§ PROVIDED RECORDS
┄┄┄┄┄┄┄┄┄┄┄┄┄┄┄┄┄┄┄┄

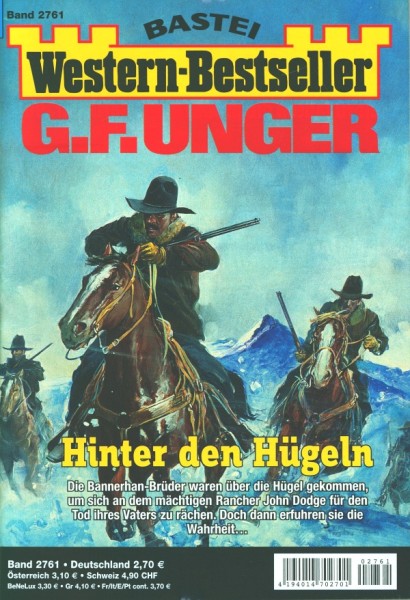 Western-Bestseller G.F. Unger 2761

┄┄┄┄┄┄┄┄┄┄┄┄┄┄┄┄┄┄┄┄

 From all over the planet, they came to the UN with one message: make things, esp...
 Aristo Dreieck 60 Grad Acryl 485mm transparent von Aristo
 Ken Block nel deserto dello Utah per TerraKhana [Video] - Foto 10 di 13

┄┄┄┄┄┄┄┄┄┄┄┄┄┄┄┄┄┄┄┄

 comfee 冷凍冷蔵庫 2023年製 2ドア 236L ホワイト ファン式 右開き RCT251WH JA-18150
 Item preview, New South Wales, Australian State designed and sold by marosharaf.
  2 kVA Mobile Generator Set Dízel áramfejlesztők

┄┄┄┄┄┄┄┄┄┄┄┄┄┄┄┄┄┄┄┄

§ INSTRUCTIONS FOR THE TASK
Using the data above, reproduce exactly the lines from the line that contains "Aristo Dreieck 60" through the line that contains "Ken Block nel", including both.

§ YOUR SOLUTION
 Aristo Dreieck 60 Grad Acryl 485mm transparent von Aristo
 Ken Block nel deserto dello Utah per TerraKhana [Video] - Foto 10 di 13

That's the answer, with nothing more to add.